Supplied material section start

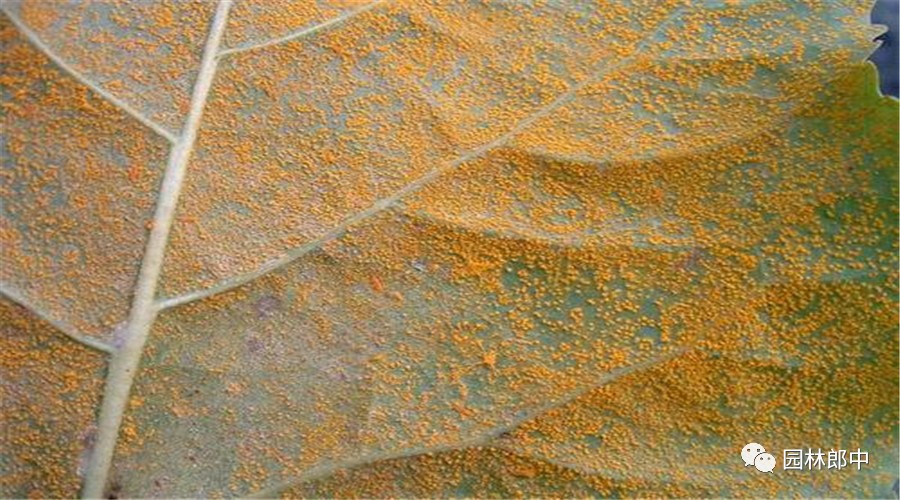 园林养护这个工作怎么样,园林绿地建植与养护管理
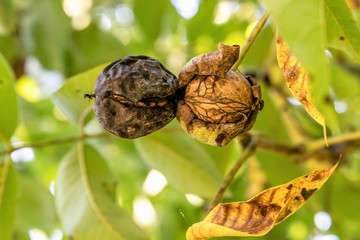 Two ripe walnuts on the tree just before falling down in front of green blurred background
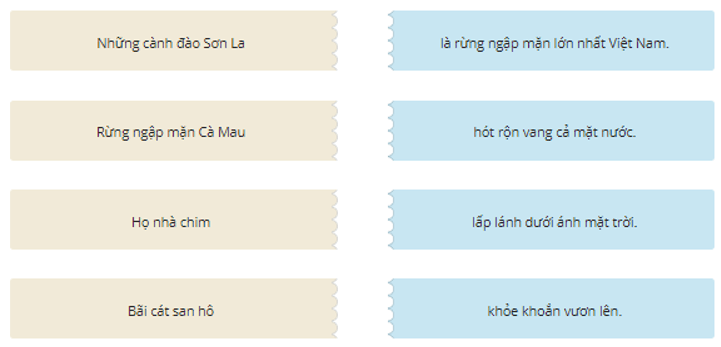 Trắc nghiệm Từ và câu trang 103 (có đáp án) | Tiếng Việt lớp 2 Chân trời sáng tạo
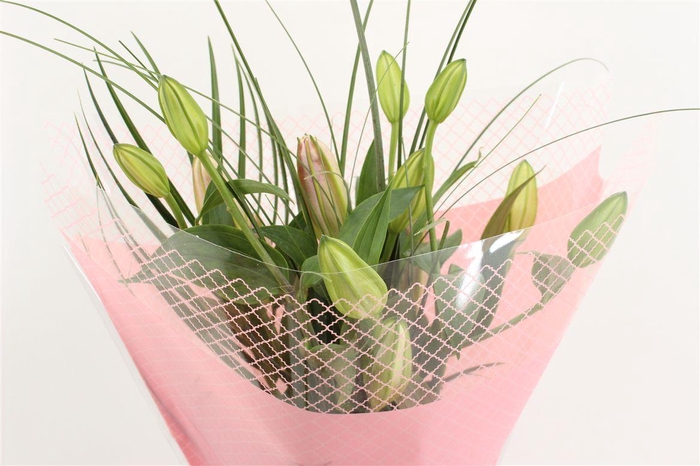 <h4>Boeket Mono Lelie Roze (3)</h4>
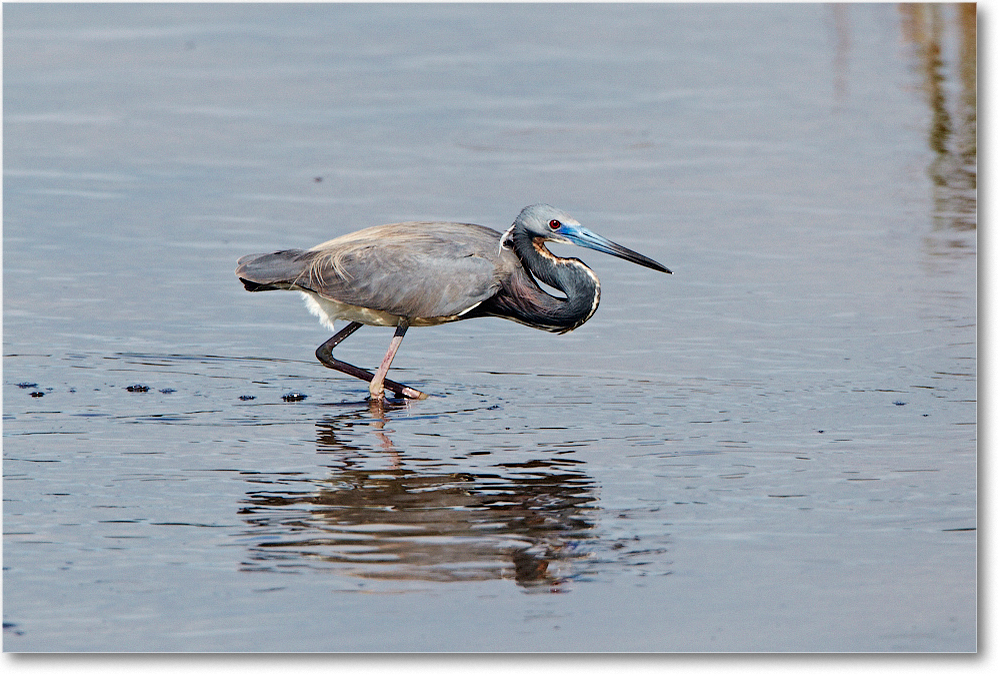 TricolorHeron-ChincoNWR-2012June_D4B0804 copy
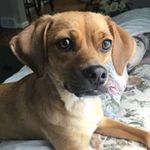 Maureen Farrington Gallagher - @mogall815 - Instagram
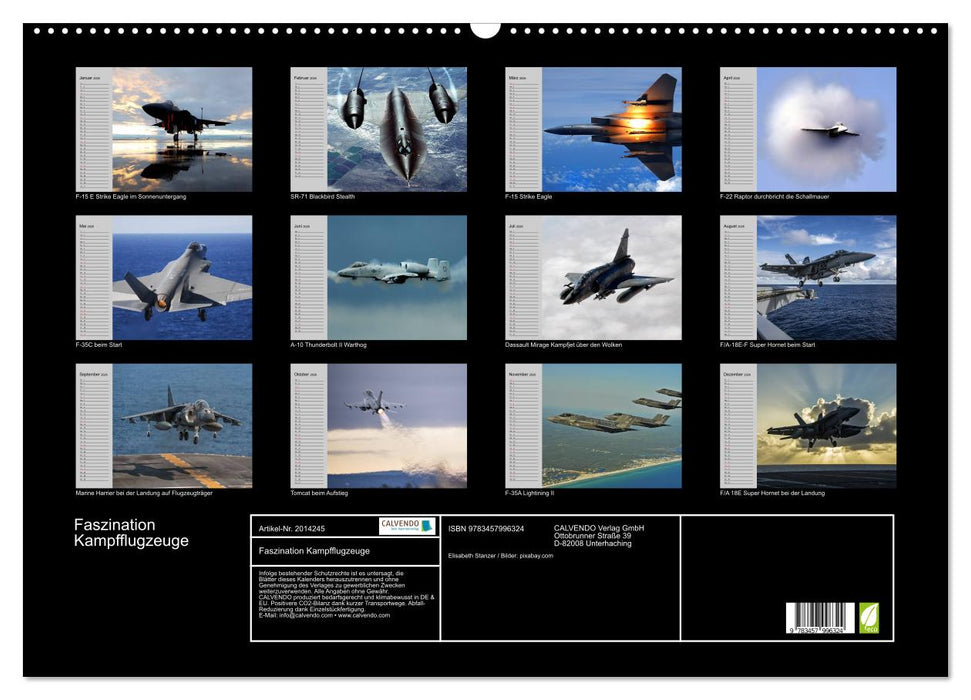 Faszination Kampfflugzeuge (CALVENDO Wandkalender 2026)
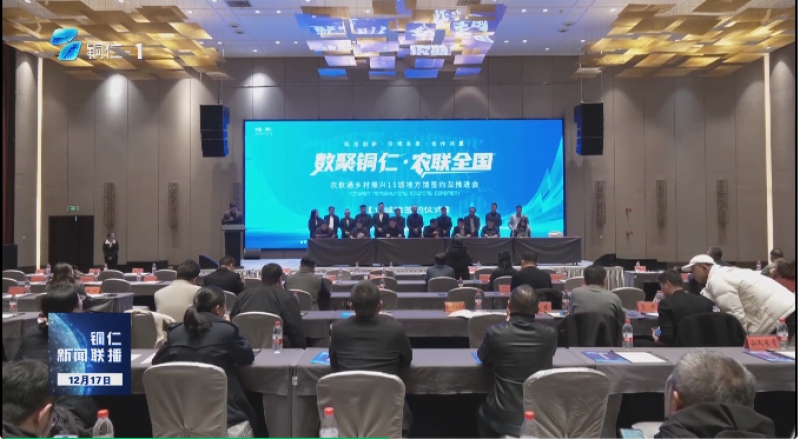 全国首个区域产业数字化结算枢纽落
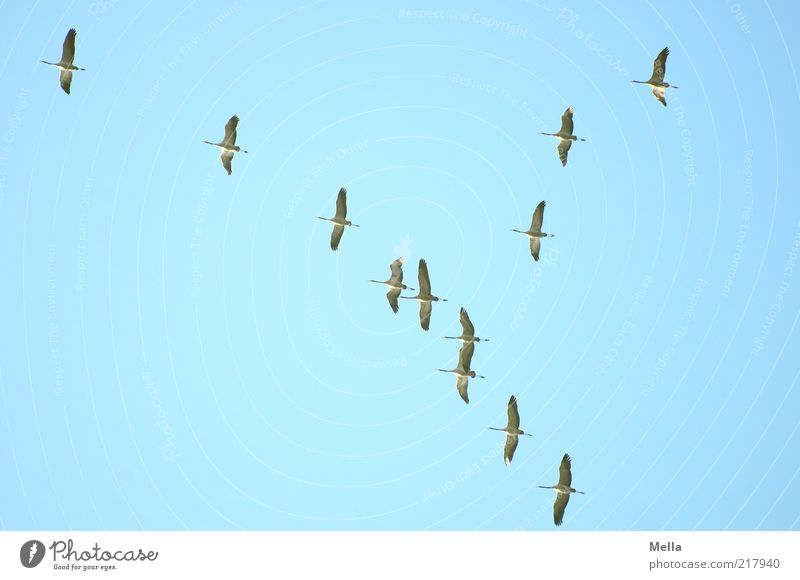 winter trip Nature Animal Air Sky Autumn Winter Wild animal Bird Crane Group of animals Flock Flying Free Together Blue Longing Movement Freedom Climate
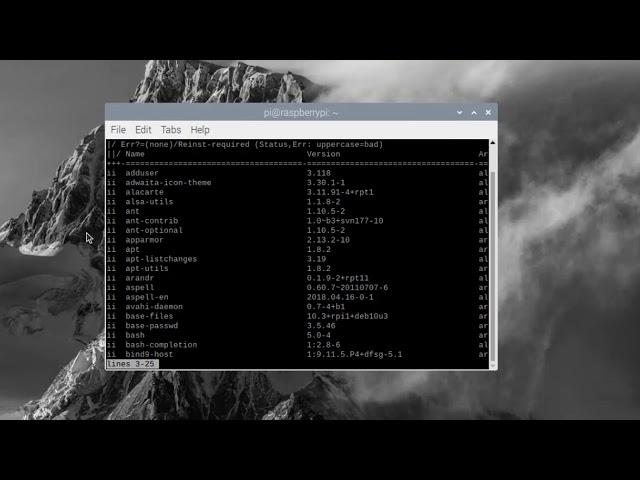 RaspberryPi: #4 How to Install and Uninstall packages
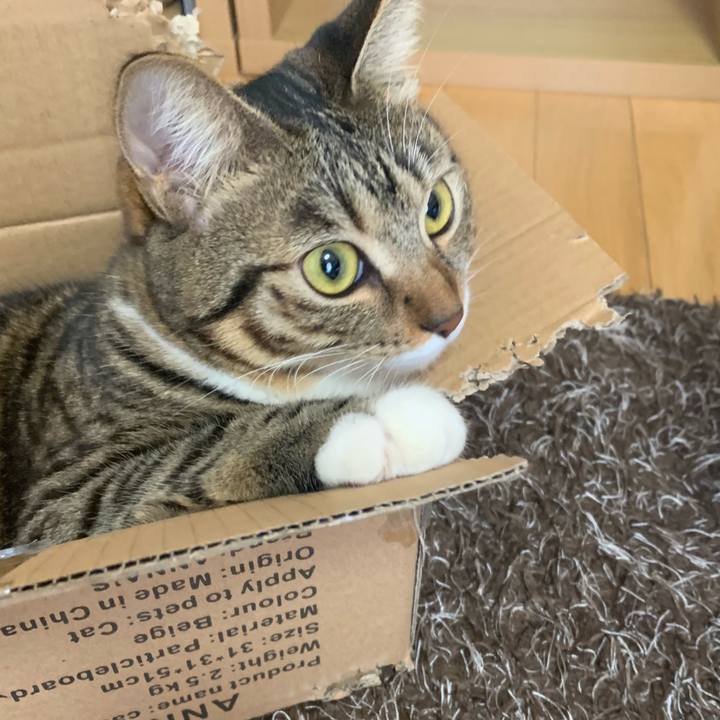 0856f299 0607 453c 8fc5 2b54cb96a51f 1545458890593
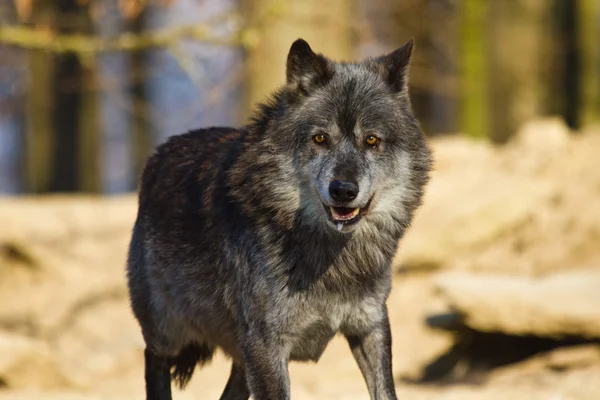 Eastern Wolf or american grey wolf (Canis lupus lycaon)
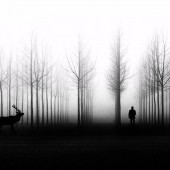 mistrustful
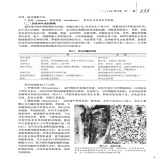 默认相册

Supplied material section end

Instructions for the task: Write all the entries again word for word, minus the pictures.

Output below:
 园林养护这个工作怎么样,园林绿地建植与养护管理
 Two ripe walnuts on the tree just before falling down in front of green blurred background
 Trắc nghiệm Từ và câu trang 103 (có đáp án) | Tiếng Việt lớp 2 Chân trời sáng tạo
 <h4>Boeket Mono Lelie Roze (3)</h4>
 TricolorHeron-ChincoNWR-2012June_D4B0804 copy
 Maureen Farrington Gallagher - @mogall815 - Instagram
 Faszination Kampfflugzeuge (CALVENDO Wandkalender 2026)
 全国首个区域产业数字化结算枢纽落
 winter trip Nature Animal Air Sky Autumn Winter Wild animal Bird Crane Group of animals Flock Flying Free Together Blue Longing Movement Freedom Climate
 RaspberryPi: #4 How to Install and Uninstall packages
 0856f299 0607 453c 8fc5 2b54cb96a51f 1545458890593
 Eastern Wolf or american grey wolf (Canis lupus lycaon)
 mistrustful
 默认相册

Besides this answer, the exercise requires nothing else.